= Tomb of Thutmose =

The Tomb of Thutmose is a small, decorated rock-cut tomb in Saqqara in Egypt that dates to the time shortly after the Amarna Period (about 1350–1330 BC). The tomb is of special importance as one of the tomb owners was the sculptor Thutmose, often presumed to be the person who made the famous Nefertiti Bust. Another of the persons buried here was a certain Kenana.

==Description==
The burial place was found on 24 November 1996 by the Mission Archeologique Francaise de Bubaseion, under the direction of Alain Zivie. It received the number I.19 and lies directly next to the much larger tomb of Maia, nurse of Tutankhamun. The entrance to the tomb chapel is cut into the rocks at Saqqara and faces south. The whole tomb chapel consists of an entrance corridor, the main chamber, and a large niche on the western side where there opens a shaft to the underground burial chambers. The whole tomb is approximately 4.20 meter long. The main chamber is approximately 2.60 by 2 m big. A pillar stands in the middle of the main chamber. The burial chambers had been looted previously.

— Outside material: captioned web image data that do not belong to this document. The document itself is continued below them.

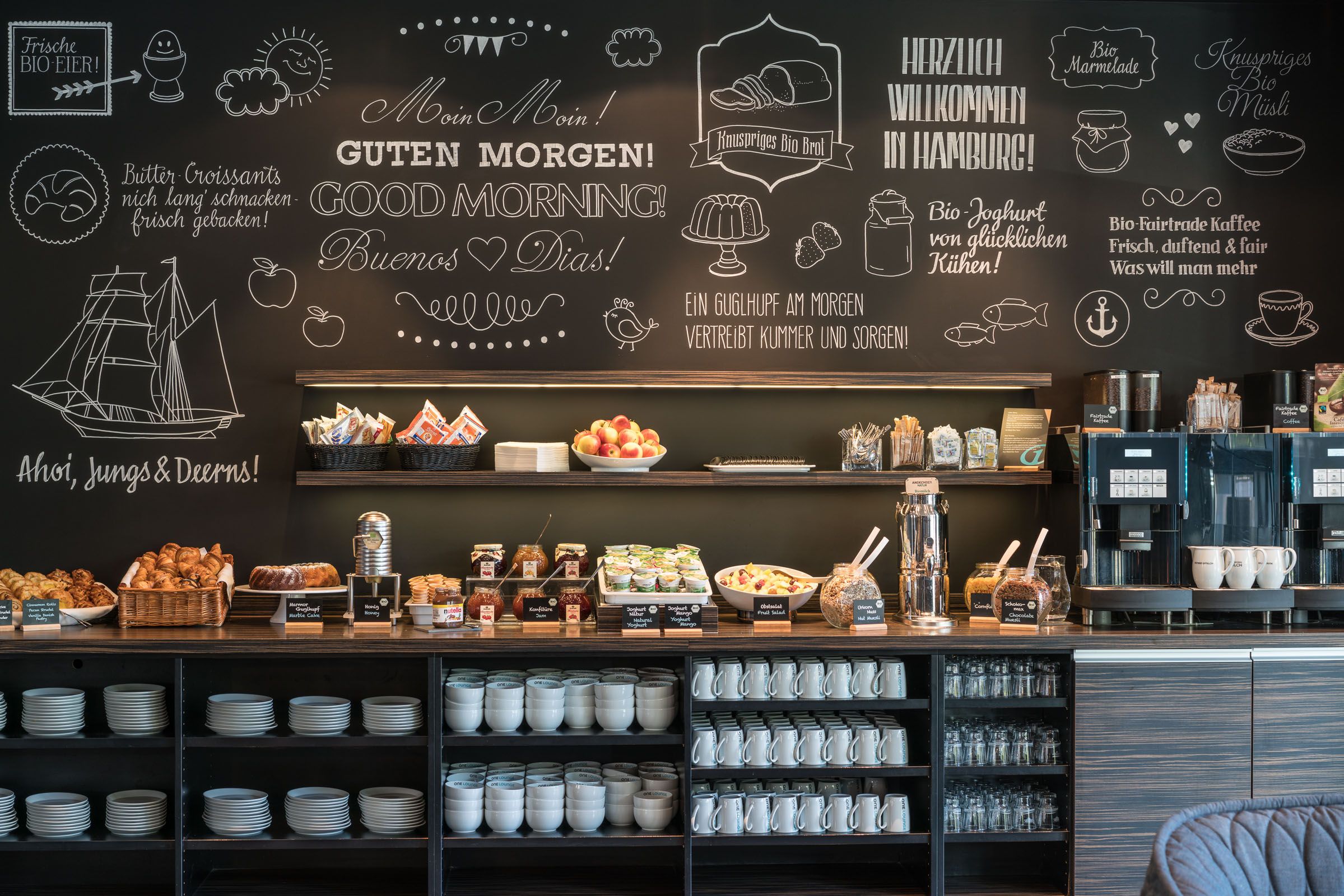 Hotel Hamburg Altona Motel One Frühstücksbuffet mit großer Auswahl an Essen und Getränken sowie Geschirr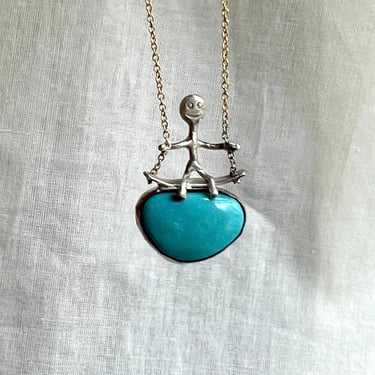 Swinging on a Turquoise Quirky Pendant in Handmade Sterling Silver on an america turquoise 
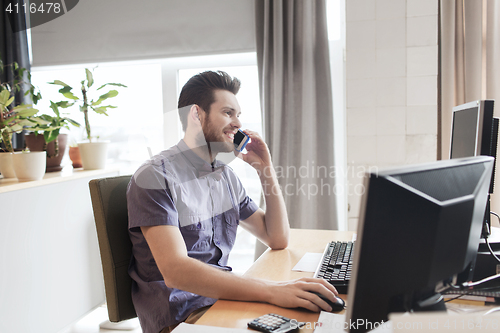 Image of happy creative male worker calling on smarphone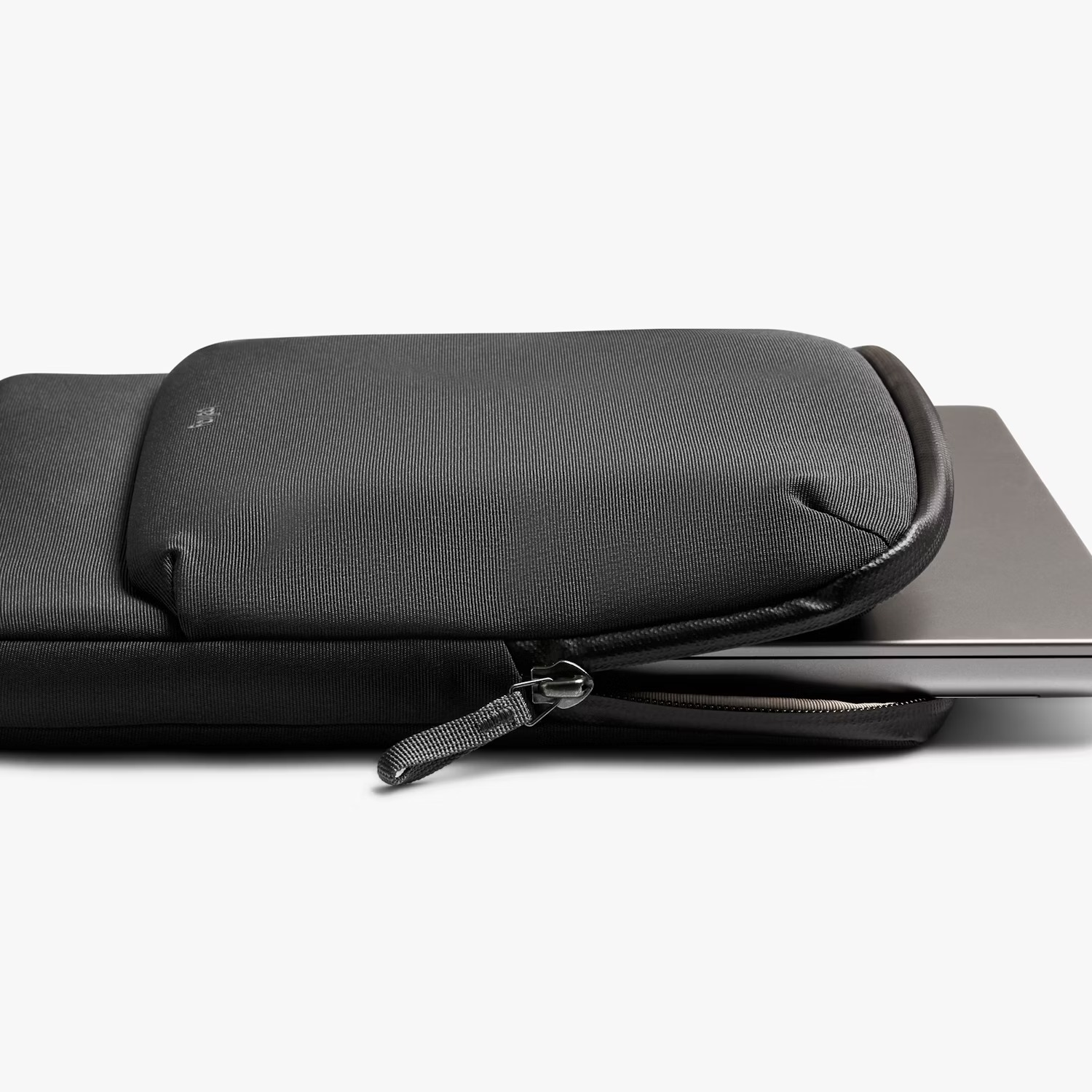 Een zwarte laptop wordt gedeeltelijk in een zwarte laptophoes geschoven.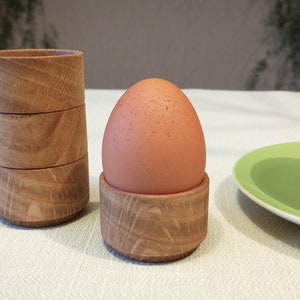 Könnte beinhalten: Ein braunes Ei sitzt in einem Eierbecher aus Holz. Der Eierbecher besteht aus übereinander gestapelten Holzringen. Ein zweiter Satz übereinander gestapelter Holzringe befindet sich links vom Eierbecher.
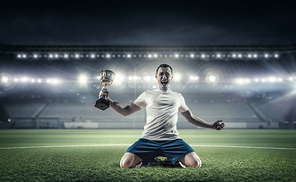 Soccer player celebrating victory while holding win cup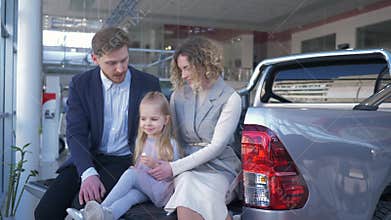 Auto salon, young family with child chooses vehicle and communicate with each other while sitting in trunk at car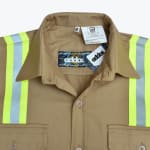 Close-up of a khaki flame-resistant work shirt with high-visibility reflective stripes and an Addos brand label.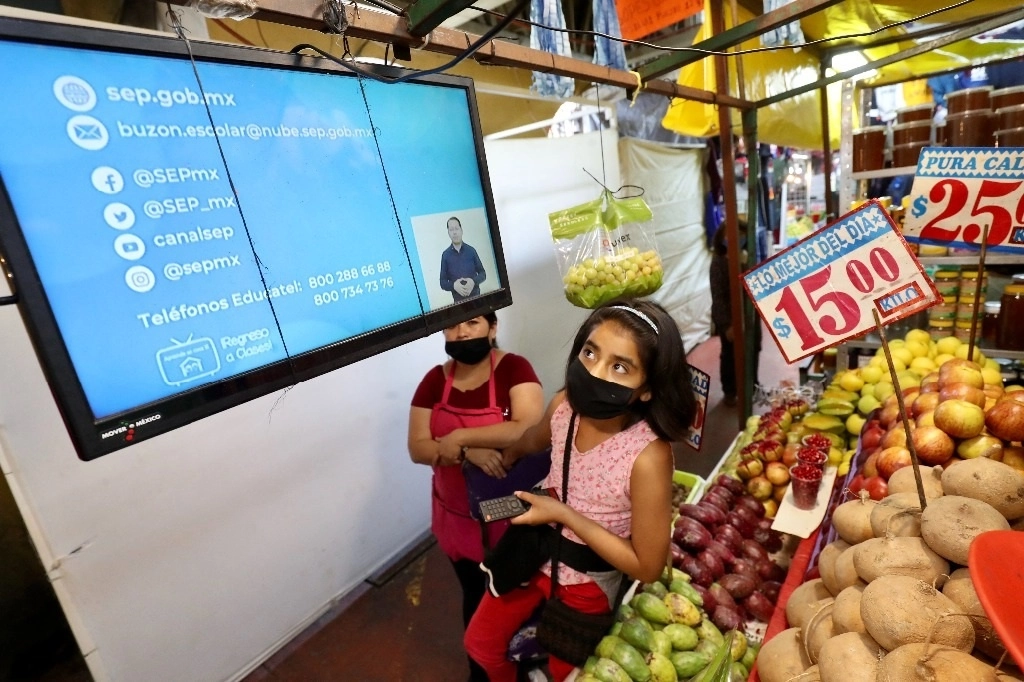 Una niña sintoniza el canal en el que se transmiten las clases del programa Aprende en casa II, desde el local mercantil en el que trabaja su mamá. Foto Luis Castillo / archivo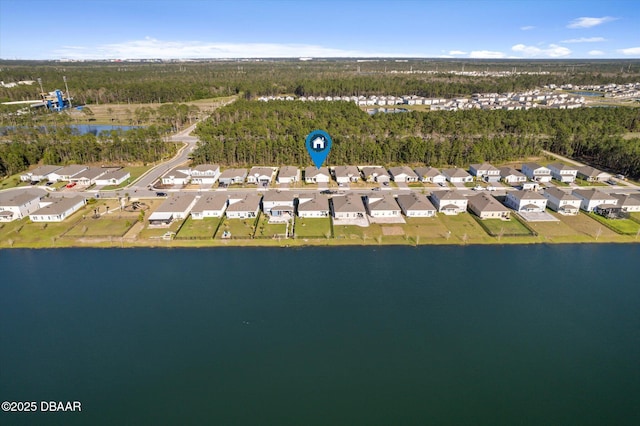 aerial view with a wooded view, a residential view, and a water view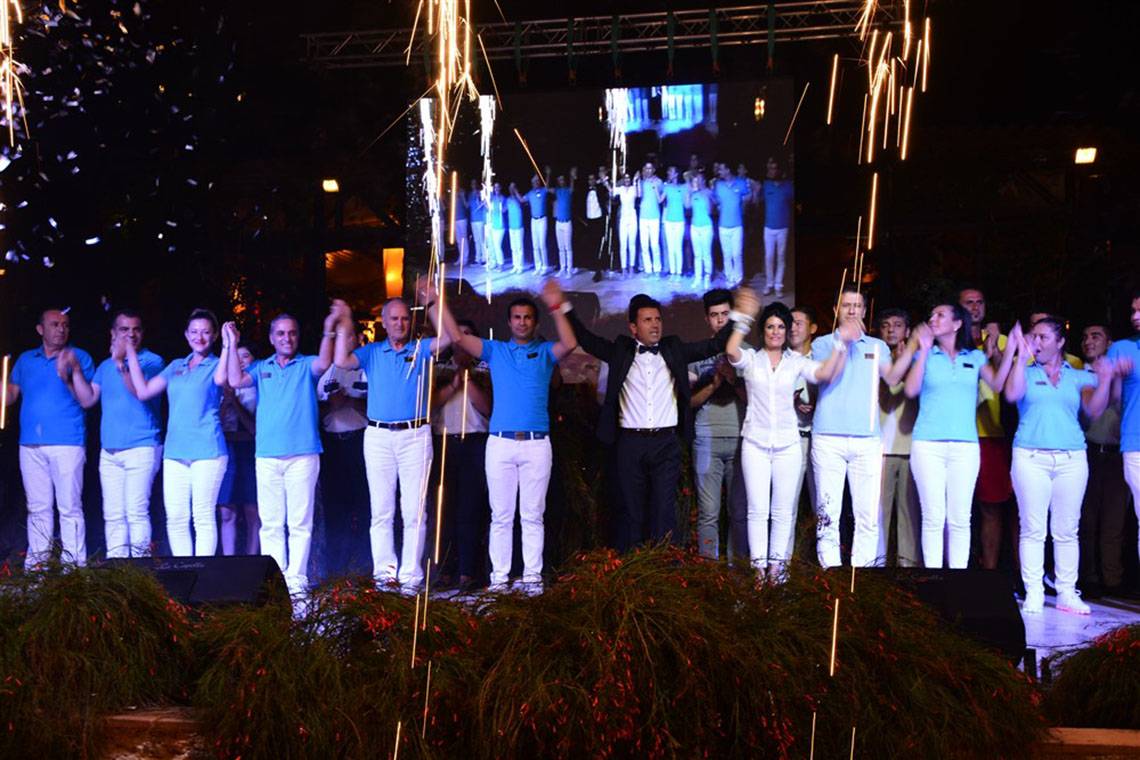Gruppe von Leuten auf der Bühne im Marti Myra Hotel mit Feuerwerk und Applaus.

All walls of the tomb chapel were decorated with paintings or sunken relief. The facade of the tomb chapel is undecorated. The short corridor to the main chamber is decorated on both sides with reliefs, showing Osiris on the western side. On the opposite side only the figure of a woman is preserved. Next to the figure of Osiris on the western wall, two figures are painted. These are the draughtsman at the place of Truth Kenana and his son Pay who had the same title. The southern wall of the main chamber is occupied by the door. On the western side of it is shown Amenemwia, or Raemwia, who was the father of Thutmose. On the western wall are shown Thutmose and his wife standing in front of a priest. The northern wall has a relief showing Osiris and two people in front of him. Perhaps they represent Thutmose and his father, but captions are not preserved. The whole eastern wall is dedicated to Kenana and his family. Kenana and his wife are sitting on the left side. In front of them is depicted their whole family. Sixteen people are shown in two registers, divided by gender with men in the top and women below. The niche on the western side also is decorated. On the southern wall are shown the coffins of Thutmose and his wife Ineni, remarkably depicted from the front. On the western wall are shown the son of Thutmose, Itju and his wife and on the northern wall appear Kenena and his wife.